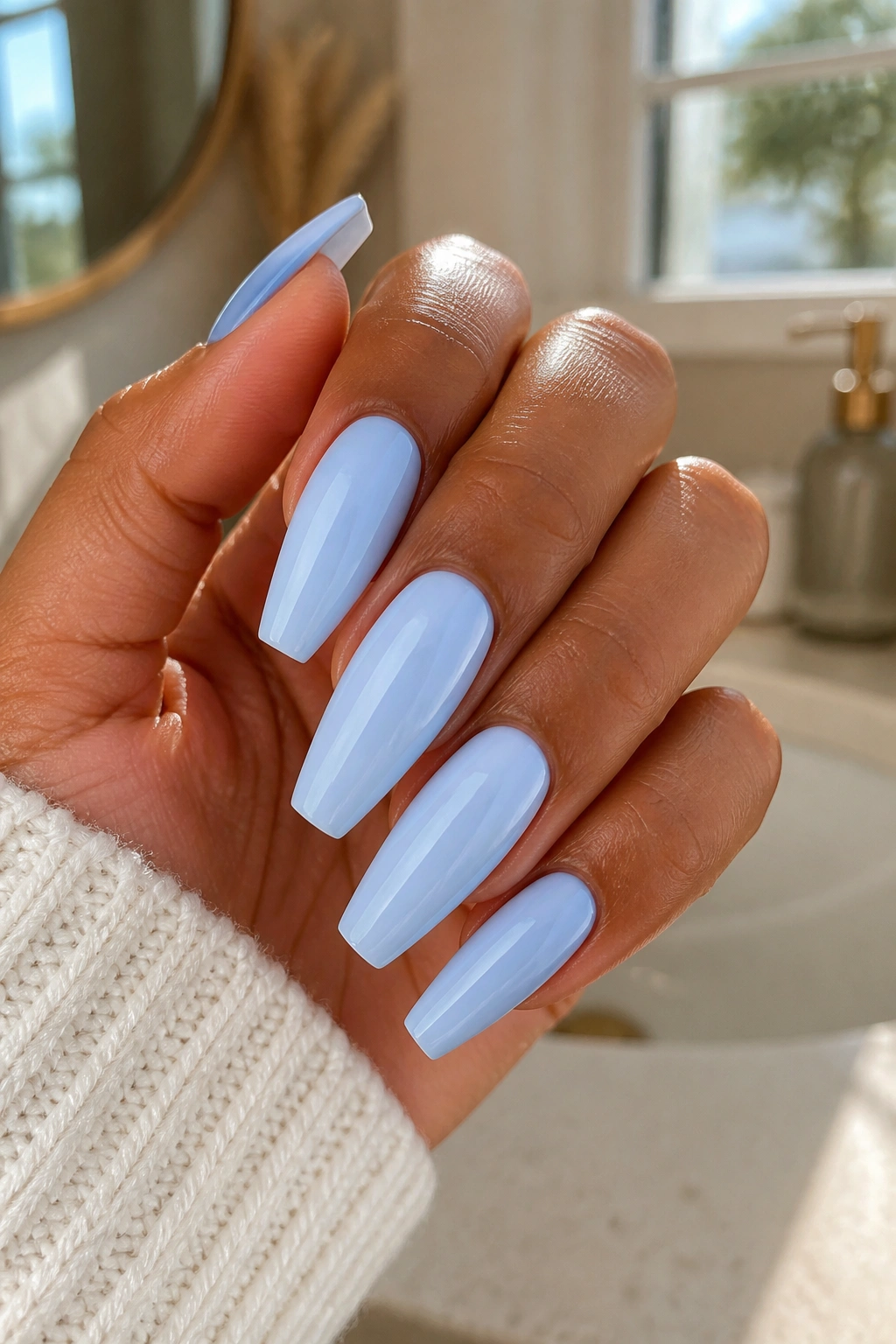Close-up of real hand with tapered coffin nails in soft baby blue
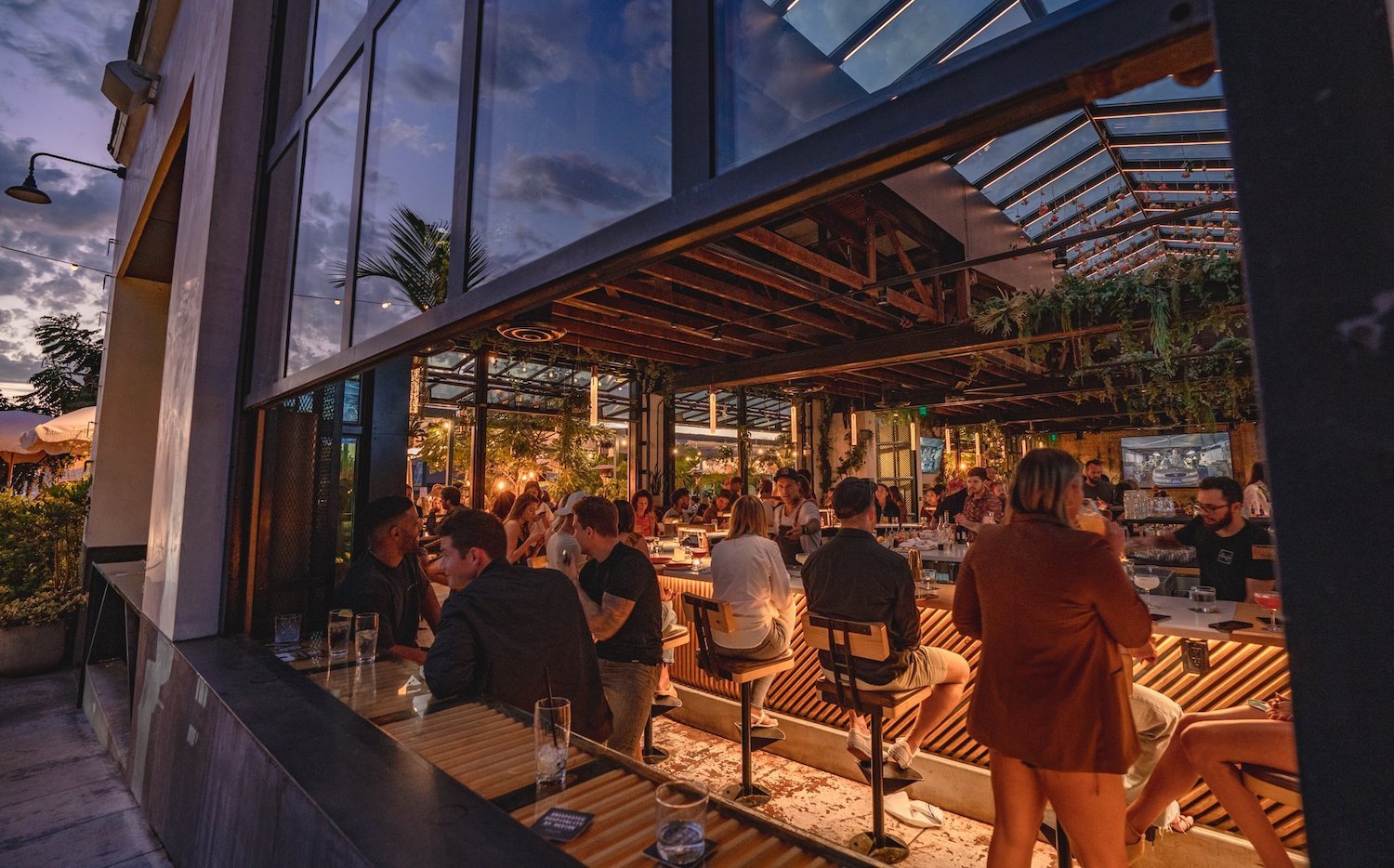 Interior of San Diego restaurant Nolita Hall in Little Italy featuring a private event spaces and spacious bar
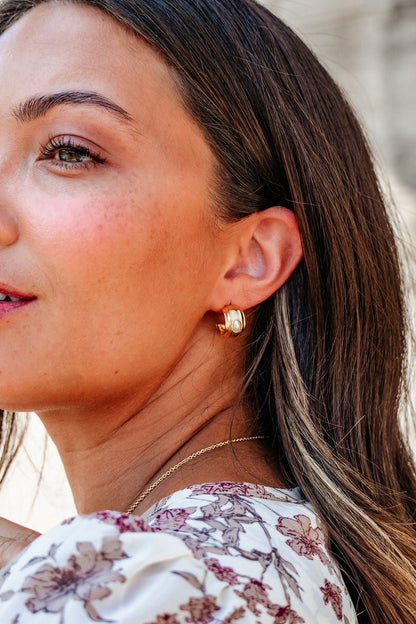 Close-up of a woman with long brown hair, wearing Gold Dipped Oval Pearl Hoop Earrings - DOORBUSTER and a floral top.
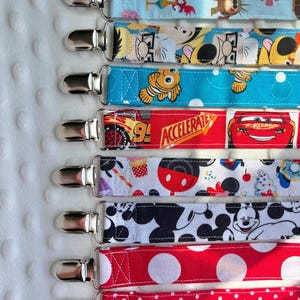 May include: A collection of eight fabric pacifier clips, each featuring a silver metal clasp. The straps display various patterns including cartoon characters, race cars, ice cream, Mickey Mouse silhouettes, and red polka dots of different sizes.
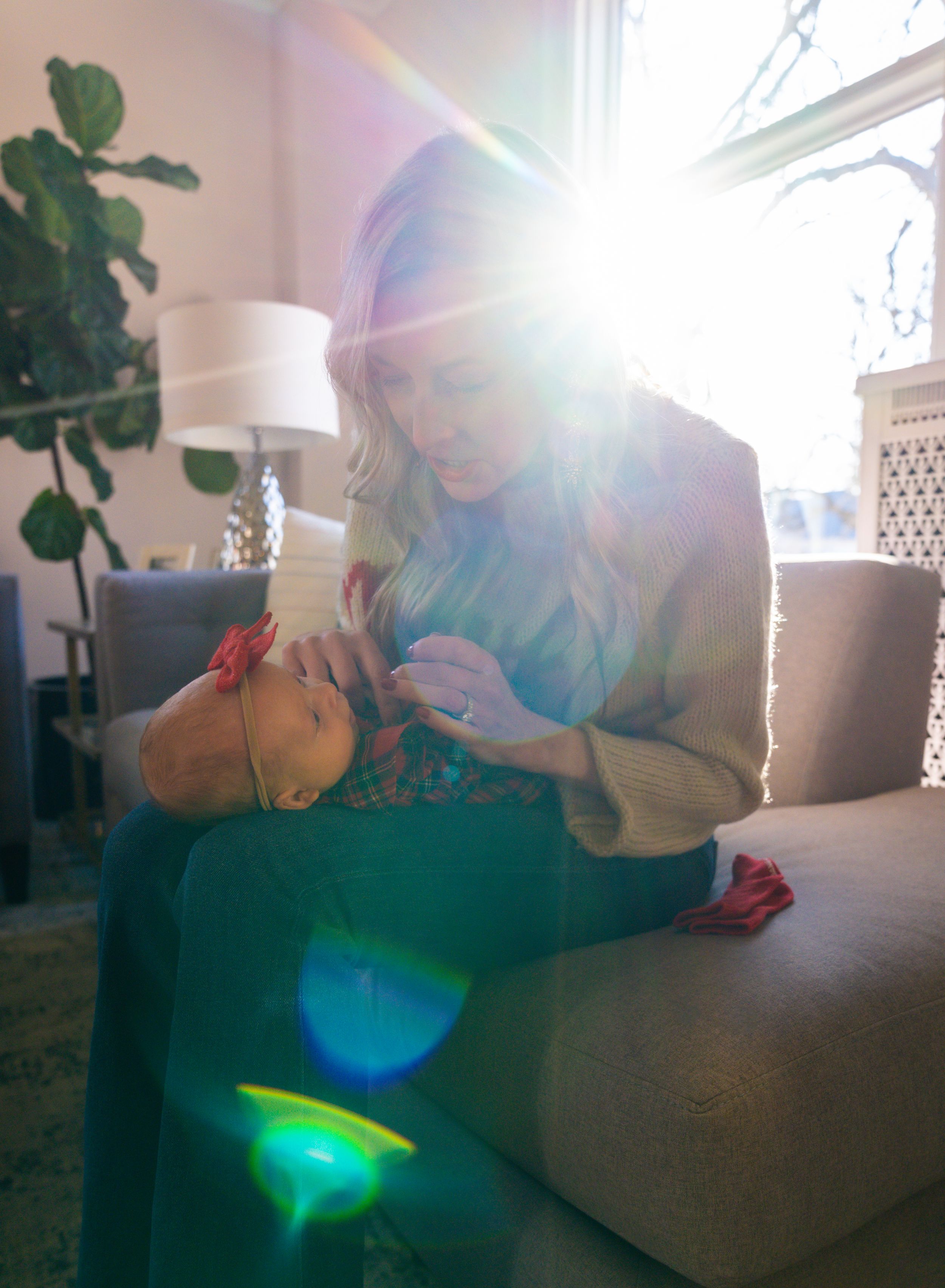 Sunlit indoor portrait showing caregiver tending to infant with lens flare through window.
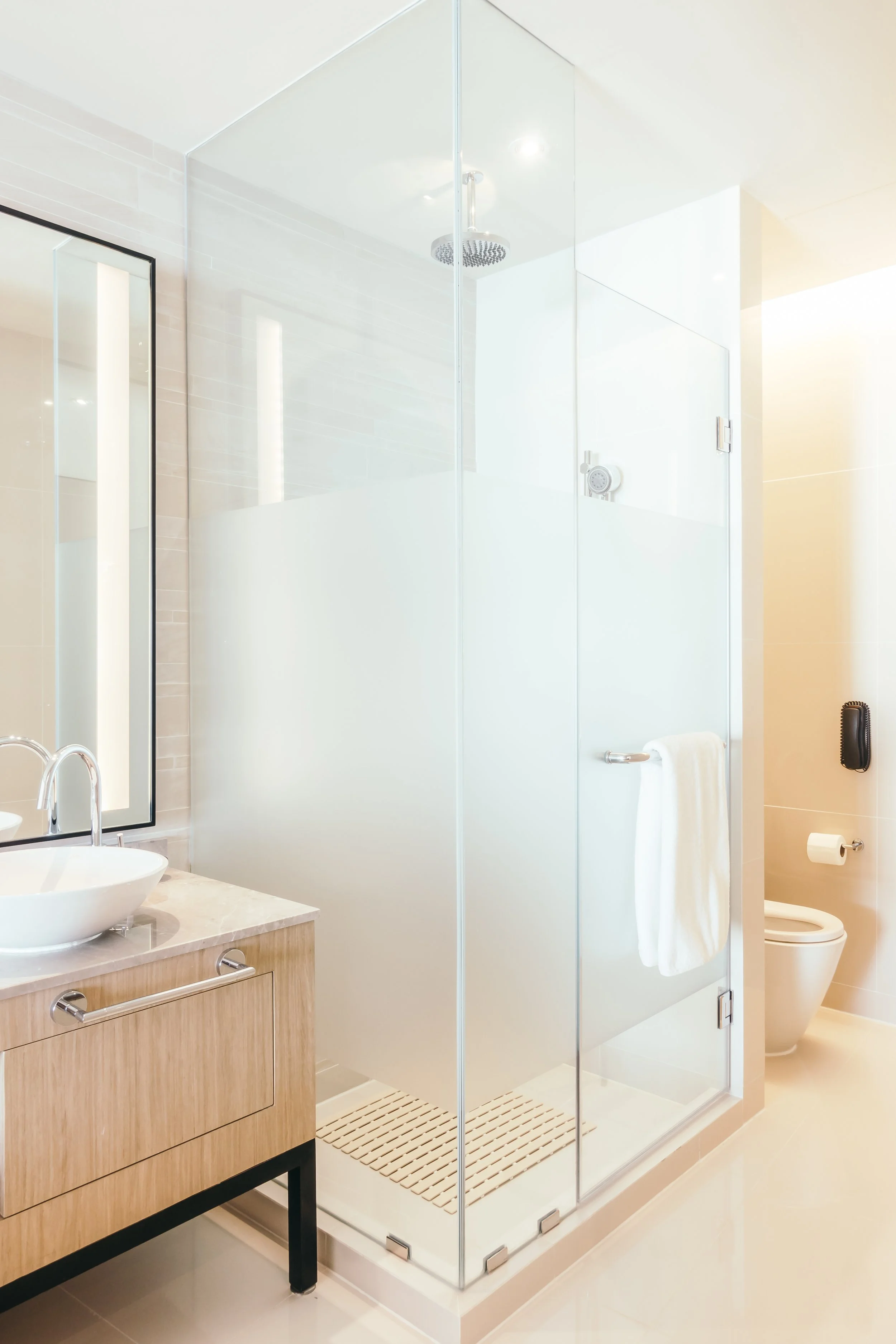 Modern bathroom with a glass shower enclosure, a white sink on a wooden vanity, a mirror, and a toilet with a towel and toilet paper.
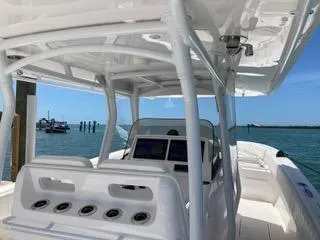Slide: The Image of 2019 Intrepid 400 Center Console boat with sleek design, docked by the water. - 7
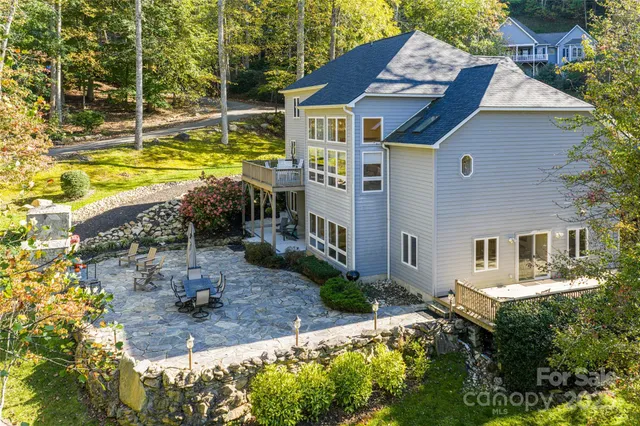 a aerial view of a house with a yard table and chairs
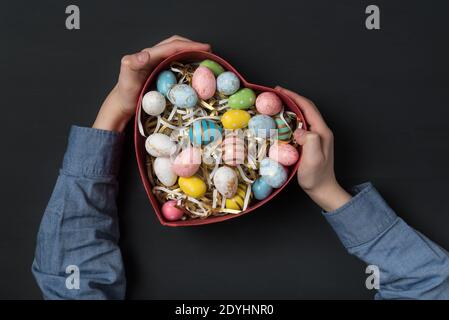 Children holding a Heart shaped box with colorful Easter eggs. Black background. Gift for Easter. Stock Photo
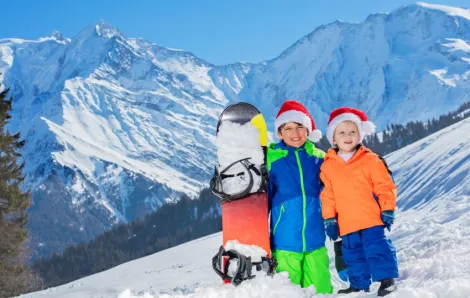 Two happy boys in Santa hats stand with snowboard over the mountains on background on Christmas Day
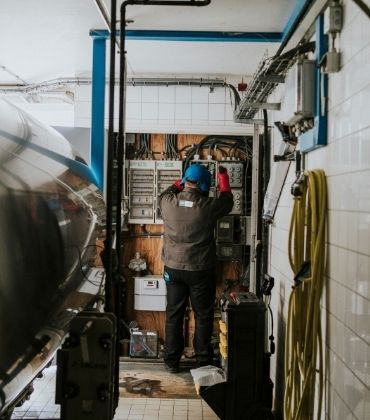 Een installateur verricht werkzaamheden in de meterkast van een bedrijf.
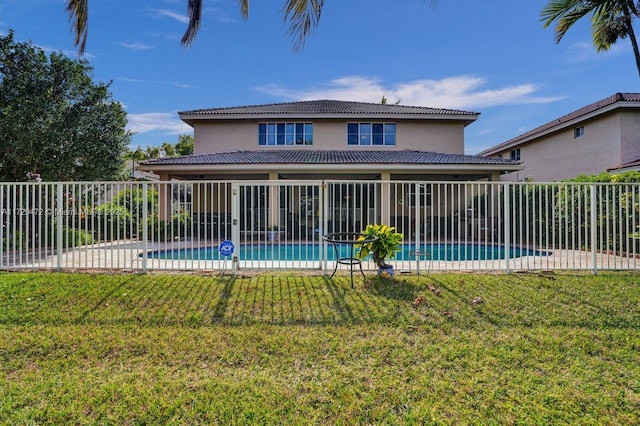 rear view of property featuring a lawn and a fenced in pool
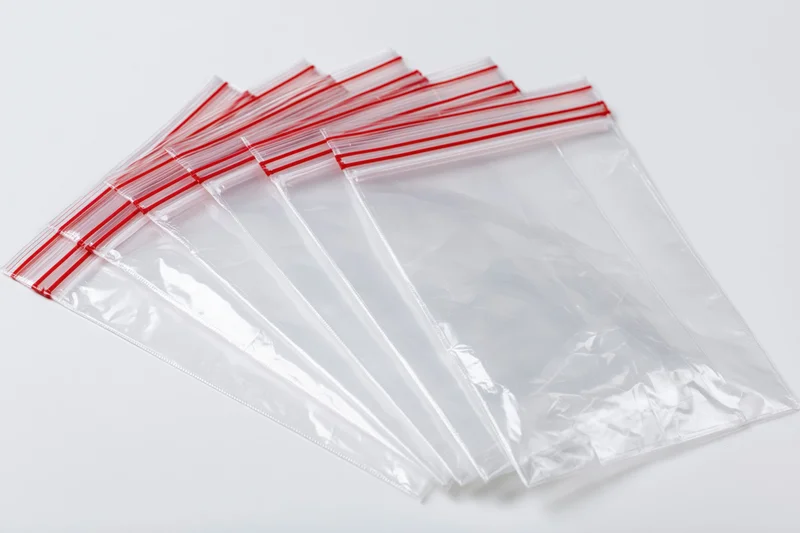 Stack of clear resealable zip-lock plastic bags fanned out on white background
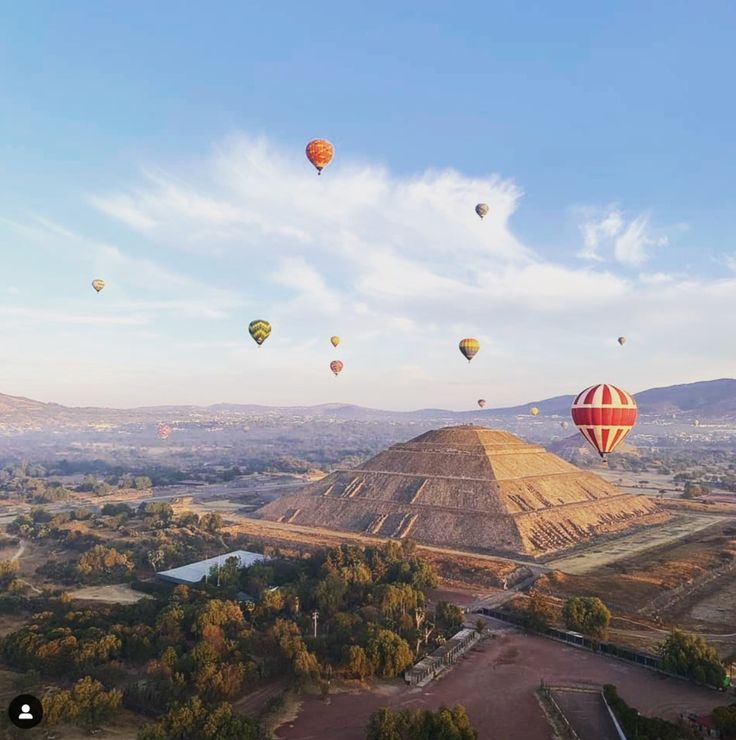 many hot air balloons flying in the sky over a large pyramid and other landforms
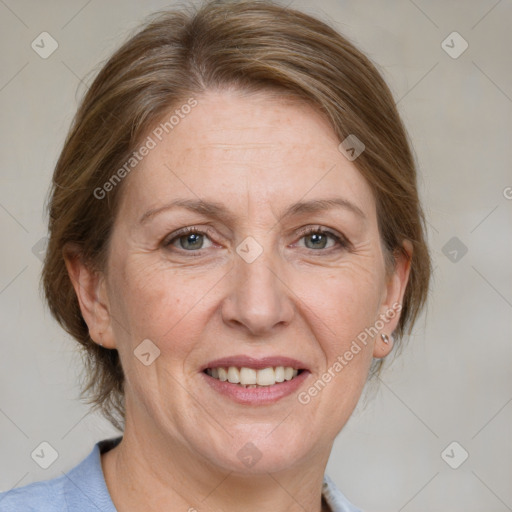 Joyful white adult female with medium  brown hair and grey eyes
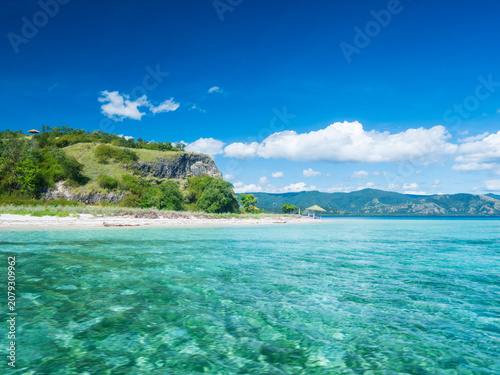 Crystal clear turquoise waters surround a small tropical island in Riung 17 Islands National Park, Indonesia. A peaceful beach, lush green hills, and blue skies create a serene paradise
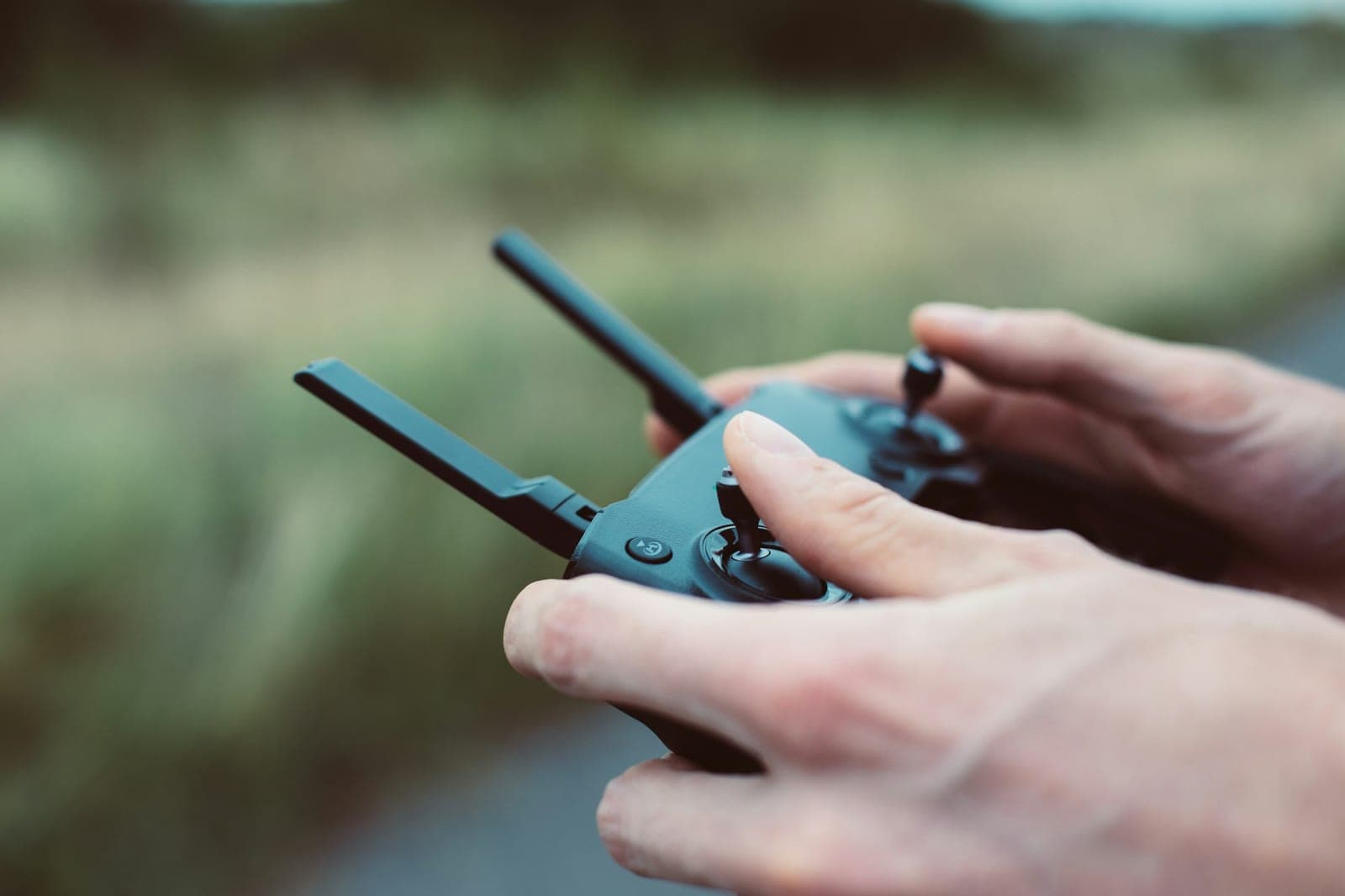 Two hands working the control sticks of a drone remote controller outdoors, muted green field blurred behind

------

- [WORK TO COMPLETE]: Leave out the pictures and output the rest of the records exactly.

- [EXERCISE SOLUTION]:
Close-up of real hand with tapered coffin nails in soft baby blue
 Interior of San Diego restaurant Nolita Hall in Little Italy featuring a private event spaces and spacious bar
 Close-up of a woman with long brown hair, wearing Gold Dipped Oval Pearl Hoop Earrings - DOORBUSTER and a floral top.
 May include: A collection of eight fabric pacifier clips, each featuring a silver metal clasp. The straps display various patterns including cartoon characters, race cars, ice cream, Mickey Mouse silhouettes, and red polka dots of different sizes.
 Sunlit indoor portrait showing caregiver tending to infant with lens flare through window.
 Modern bathroom with a glass shower enclosure, a white sink on a wooden vanity, a mirror, and a toilet with a towel and toilet paper.
Slide: The Image of 2019 Intrepid 400 Center Console boat with sleek design, docked by the water. - 7
 a aerial view of a house with a yard table and chairs
 Children holding a Heart shaped box with colorful Easter eggs. Black background. Gift for Easter. Stock Photo
 Two happy boys in Santa hats stand with snowboard over the mountains on background on Christmas Day
 Een installateur verricht werkzaamheden in de meterkast van een bedrijf.
 rear view of property featuring a lawn and a fenced in pool
 Stack of clear resealable zip-lock plastic bags fanned out on white background
 many hot air balloons flying in the sky over a large pyramid and other landforms
 Joyful white adult female with medium  brown hair and grey eyes
 Crystal clear turquoise waters surround a small tropical island in Riung 17 Islands National Park, Indonesia. A peaceful beach, lush green hills, and blue skies create a serene paradise
 Two hands working the control sticks of a drone remote controller outdoors, muted green field blurred behind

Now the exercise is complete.